The statement also stressed that if the political parties do not form a coalition government within 45 days, political uncertainty could drag on in the form of an early election being called. "The possibility of another election and heightened market pressure on the exchange rate may put the central bank to the test, aggravate tensions and increase the risk of erratic policymaking [sic] or the pressure for looser fiscal policy, ultimately leading to widening budget deficits," the statement said.
The agency forecasted that a fall in the current account deficit to 4.6 percent this year, from 7.9 percent in 2013 – partly due to lower oil prices – and slower credit growth could occur in the economy.
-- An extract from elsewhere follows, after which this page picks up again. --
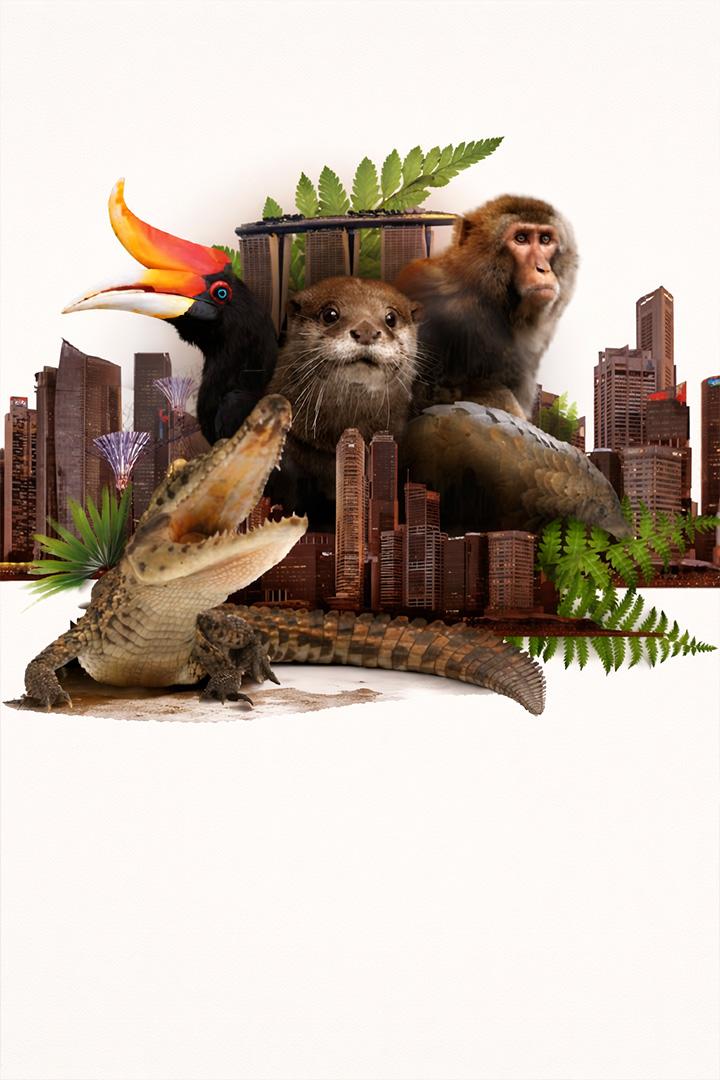 Дикая природа Сингапура (dikaja-priroda-singapura) Документальный сериал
Fitch's latest credit rating on the economy was 'BBB-'/Stable, according to a statement released on March 20.
Turkey's Justice and Development (AK) Party won its fourth consecutive general election Sunday but was not able to gain the majority needed to form a government.
The party, which came to power in 2002 before winning elections in 2007 and 2011, secured 40.81 percent of the vote with 99.95 percent of ballots counted, giving the party 258 seats in the Grand National Assembly - 18 short of a simple majority.
The pro-Kurdish Peoples' Democratic Party (HDP) passed the 10 percent threshold with 13 percent of the vote to take 79 seats. This is the first time it will enter parliament as a party.
The second place Republican People's Party (CHP) secured 25.05 percent of vote to take 132 seats while the Nationalist Movement Party (MHP) gained 16.36 percent to gain 81 seats.